▸ **INSTRUCTIONS FOR THE TASK**: Would you reproduce the entries exactly, including every line?

+++

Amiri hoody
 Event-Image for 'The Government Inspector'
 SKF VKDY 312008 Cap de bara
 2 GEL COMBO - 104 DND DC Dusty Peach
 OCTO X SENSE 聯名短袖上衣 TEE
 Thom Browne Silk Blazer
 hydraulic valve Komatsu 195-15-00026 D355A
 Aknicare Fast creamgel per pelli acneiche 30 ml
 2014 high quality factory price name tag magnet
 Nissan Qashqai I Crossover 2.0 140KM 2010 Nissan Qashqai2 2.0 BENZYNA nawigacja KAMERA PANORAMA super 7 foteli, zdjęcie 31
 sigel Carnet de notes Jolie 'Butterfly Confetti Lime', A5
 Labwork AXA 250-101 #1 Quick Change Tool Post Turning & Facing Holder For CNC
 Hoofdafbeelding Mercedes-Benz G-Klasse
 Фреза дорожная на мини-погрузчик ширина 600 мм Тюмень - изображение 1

+++

▸ **RESULT OF THE TASK**:
Amiri hoody
 Event-Image for 'The Government Inspector'
 SKF VKDY 312008 Cap de bara
 2 GEL COMBO - 104 DND DC Dusty Peach
 OCTO X SENSE 聯名短袖上衣 TEE
 Thom Browne Silk Blazer
 hydraulic valve Komatsu 195-15-00026 D355A
 Aknicare Fast creamgel per pelli acneiche 30 ml
 2014 high quality factory price name tag magnet
 Nissan Qashqai I Crossover 2.0 140KM 2010 Nissan Qashqai2 2.0 BENZYNA nawigacja KAMERA PANORAMA super 7 foteli, zdjęcie 31
 sigel Carnet de notes Jolie 'Butterfly Confetti Lime', A5
 Labwork AXA 250-101 #1 Quick Change Tool Post Turning & Facing Holder For CNC
 Hoofdafbeelding Mercedes-Benz G-Klasse
 Фреза дорожная на мини-погрузчик ширина 600 мм Тюмень - изображение 1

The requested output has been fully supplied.